Le Makossa est bien plus qu’un genre musical : c’est une expression culturelle qui raconte l’histoire du Cameroun, particulièrement celle de Douala, tout en témoignant de l’évolution de la société camerounaise et de son ouverture sur le monde.
Hier — La naissance et l’âge d’or Le Makossa est né dans l’environnement musical de la côte camerounaise, notamment à Douala, au milieu du XXᵉ siècle. Il s’est développé à partir de rythmes et danses locales, notamment l’ambass-bey, auxquels se sont ajoutées des influences de rumba congolaise, de highlife, de musique latine, puis de funk et de soul.

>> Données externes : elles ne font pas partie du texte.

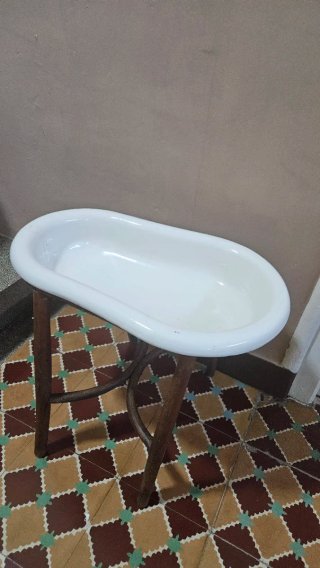 Bidé vintage madera y esmalte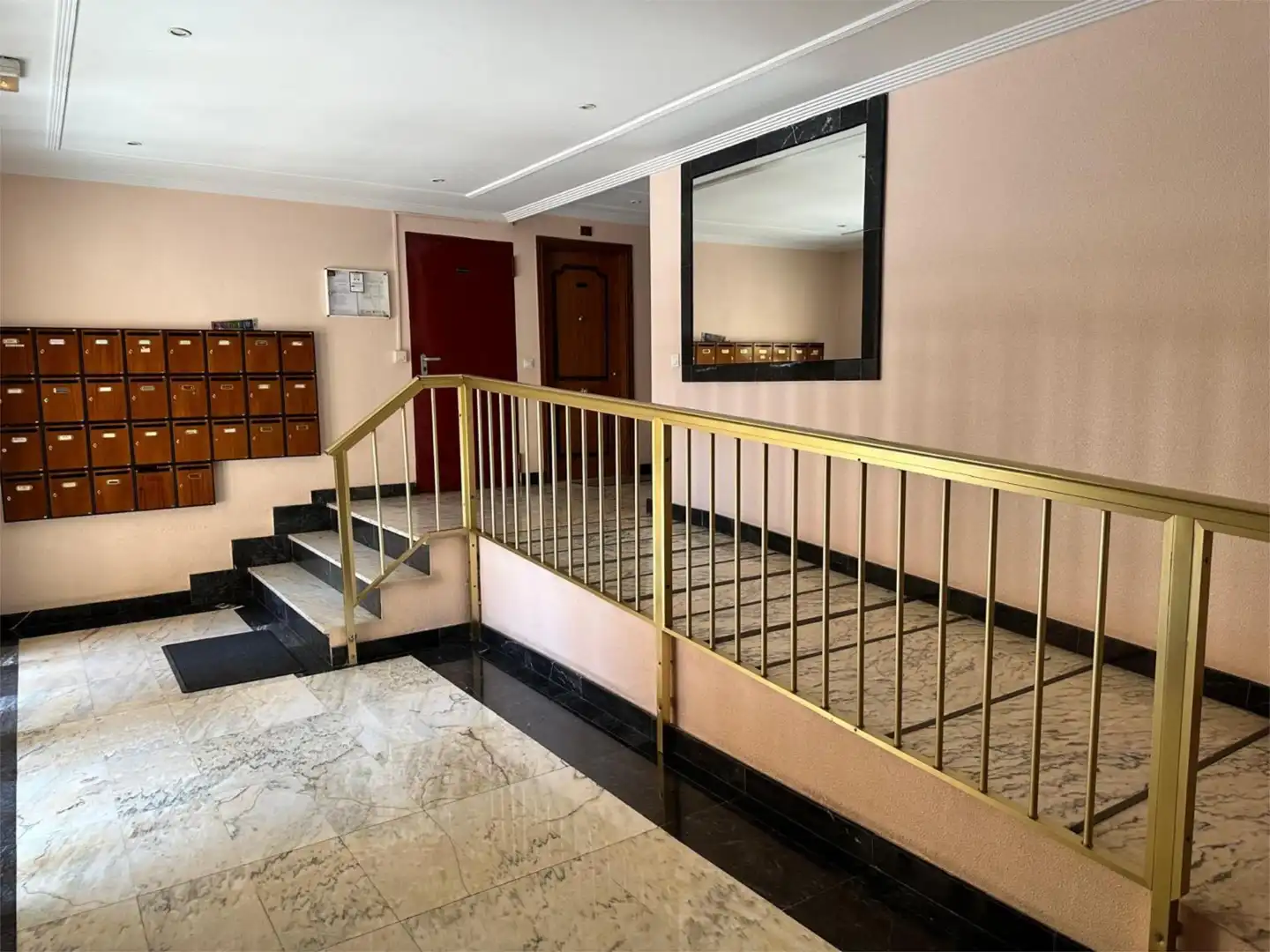 Flat for sale in Cistérniga  with Terrace and Swimming Pool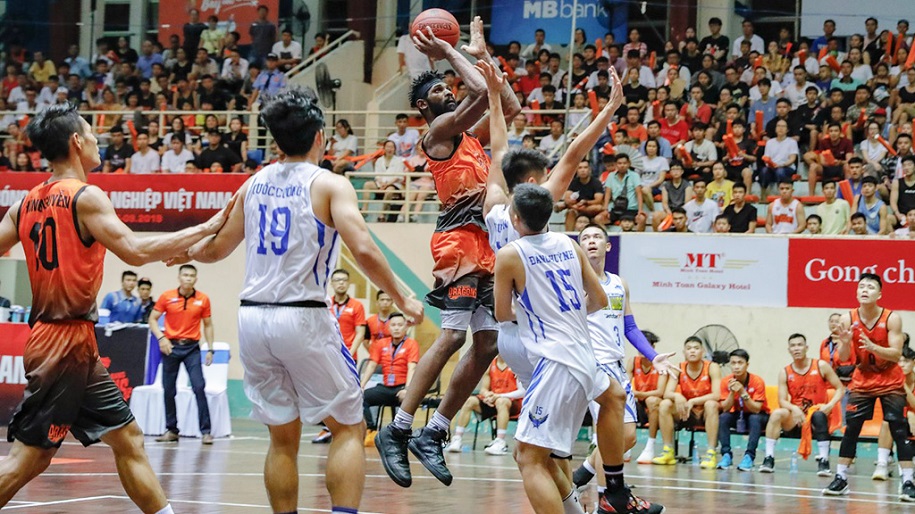 TRỰC TIẾP bóng rổ VBA 2019: Hochiminh City Wings vs Danang Dragons (19h00, 8/8)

Dans les années 1960 et 1970, des artistes comme Eboa Lotin et Manu Dibango ont joué un rôle majeur dans son développement. En 1972, Soul Makossa de Manu Dibango a contribué à faire connaître le son camerounais au niveau international.
Les années 1980 ont ensuite constitué une période particulièrement importante pour le Makossa, avec des artistes tels que Dina Bell, Ben Decca, Nkotti François, Bella Njoh et Petit-Pays.
Aujourd’hui — Entre tradition et modernité Aujourd’hui, le Makossa demeure un élément important de l’identité musicale camerounaise. Cependant, il évolue dans un paysage dominé par l’Afrobeats, le hip-hop, le R&B et les musiques électroniques.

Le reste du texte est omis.